Seniorennachmittag

Die Pfarrei St. Nikolaus hat nach der Corona-Pause, unter Einhaltung der geltenden Hygiene-Vorschriften, wieder zum Senioren-Nachmittag ins Haus der Pfarrgemeinde eingeladen.

Zum Thema „Blühe im Garten des Lebens“ referierte Theresia Hofbauer vom Referat Seniorenseelsorge des Bistums Passau.

Zu Beginn regte sie an, jede und jeder sollte sich überlegen, mit welcher Blume man sich vergleichen möchte, denn alle Blumen, ob z. B. Rose, Sonnenblume, Gerbera oder Gänseblümchen, haben ihre Eigenheiten – genauso wie wir Menschen auch.

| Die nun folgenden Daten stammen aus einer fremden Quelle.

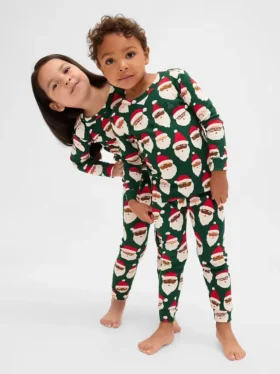 Biologische pyjamaset van geborsteld katoen voor kinderen en baby’s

Sie betonte, dass jeder von Gott – „dem Gärtner unseres Lebens“ als Blume, Strauch oder Baum an einen vorbestimmten Platz gepflanzt wurde, der gut für uns ist und an dem wir glücklich und dankbar sein können. Keiner ist besser oder schlechter und jeder darf im Garten des Lebens einfach so sein, wie er ist.

Jeden zeichnet etwas Besonderes aus - jeder ist ein Gedanke Gottes!

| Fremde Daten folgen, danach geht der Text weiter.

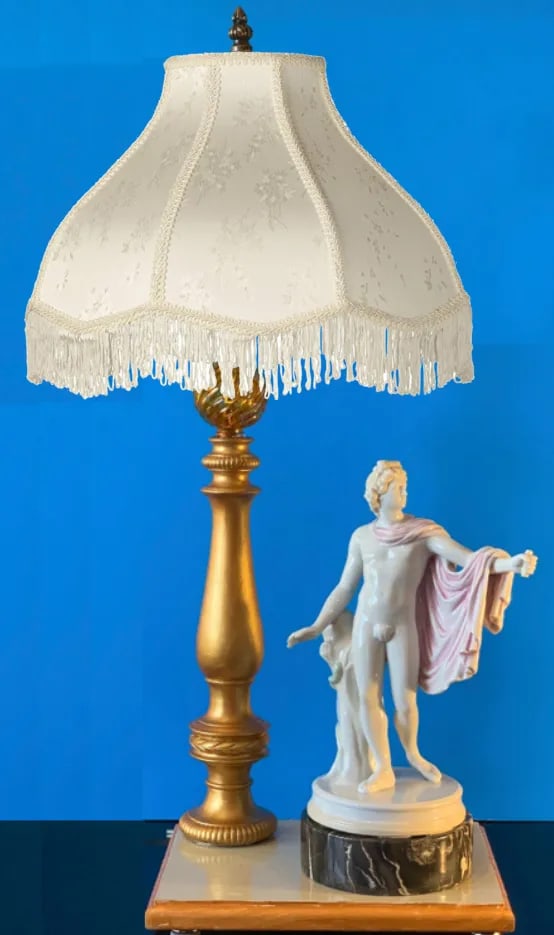 Vintage Kister Scheibe-Alsbach Porcelain Apollo Belvedere Porcelain Table Lamp - 6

Mit einem Zitat von Franz von Sales „Wünsche nicht etwas anderes zu sein, als was du bist, aber versuche, dies so gut wie möglich zu sein“ ermutigte die Referentin den eigenen Platz anzunehmen und unseren Auftrag mit Liebe zu erfüllen.

Sie betonte in ihrem Vortrag immer wieder, dass jeder im Garten seines Lebens aufblühen soll und kann, sei es bei einem Lächeln vom Gegenüber, bei einem schönen Treffen oder Ausflug oder einfach „eine Zeit nur für mich“.

Auch für schlechte Erinnerungen und schwierige Zeiten hatte sie einen Tipp: „Nicht verdrängen, sondern für diese Zeiten eine Ecke im Garten finden, in der wir diese bewusst ablegen“.

Auch Umwege oder gar Sackgassen gehören zum Leben. So wie in den

Gärten nicht alle Weg gerade sind, verläuft auch unser Leben nicht immer „gerade“. Hierzu erzählte sie eine Geschichte von zwei Bäumen im Park, die seit Jugend an dicht an dicht nebeneinander standen bis einer vom Blitz getroffen

und gefällt werden musste. Daraufhin musste der andere Baum erst mit der neuen Situation und dem Alleinsein zurechtkommen. Nach einiger Zeit des Haderns und der Trauer, beschließt er, all seine Energie zu verwenden, die Lücke, die sein Nachbar hinterlassen hat, wieder aufzufüllen.

Zum Schluss gab sie den Zuhörern noch eine Anregung mit:

„Leg dir einen Garten voll schöner Erinnerungen an und geh´ regelmäßig in ihm spazieren, wenn es dir schlecht geht“.

Mit einem gemeinsamen Segensgebet und dem Segen, gesprochen von Hr. Pfarrer Dirscherl wurde der überaus interessante und gut besuchte Vortrag beendet.